Wood used oil and pencil on canvas for this painting, emphasising his use of mark making techniques. It appeared that when viewed up close, Wood had scratched back into the oil paint over several layers. This painting appears more detailed than some of his other works, though there is a greater sense of ability t capture the notions of the countryside.

Christopher Wood's Zebra and Parachute

It does seem that out of all the artists in the exhibition, Wood was the only one who truly captured my attention. The final artwork I found captivating was his 'Zebra and Parachute' painting. It is surreal in the sense that the zebra appears to be out of context and in the background there seems to be one stuck on a parachute. The main element of this painting which initial caught my eye was the bold shapes and simplicity of the composition.

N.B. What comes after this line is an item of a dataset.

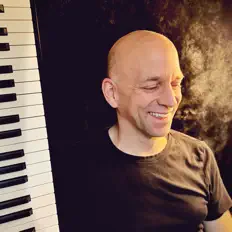 Alexander Gessner dinle, müzik videolarını izle, biyografisini oku, tur tarihlerini ve daha fazlasını gör!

This piece made me smile due to its quirkiness and total absurdity; it was nice to look at a piece of art in this way.

Leeds Art Fund 1912-2012

Joesph Mallord William Turner 1775-1851

Head of Cuckoo, Watercolour/ Graphite 1815

Further into the gallery, I found this tiny study of a cuckoo's head created by Turner. It was refreshing to see some pure talent and detail in his artwork even though the scale was small. The detail is quite amazing, especially considering it was made in watercolour which is a difficult media to use.

Munro House

After seeing more traditional artwork at Leeds Art Gallery, Julia Bickerstaff's contemporary pop-up exhibition was appealing to the eye. She displayed a mixture of photographs, paintings and installation-type sculptures. 

Stepping Up

Light Reading

In honesty, I was less impressed by Bickerstaff's neon light sculptures than her photography and paintings. There didn't seem to be any meaning behind the pieces and when I was trying to understand them I couldn't find any helpful information. Visually her pieces are aesthetically appealing but overall I found that this was all it could offer.

Graffiti in Leeds City Centre

After viewing artists work in various gallery spaces, it was great to stumble across some fantastic graffiti art in Leeds city centre. I also found some interesting placements of numbers which relate directly to my project.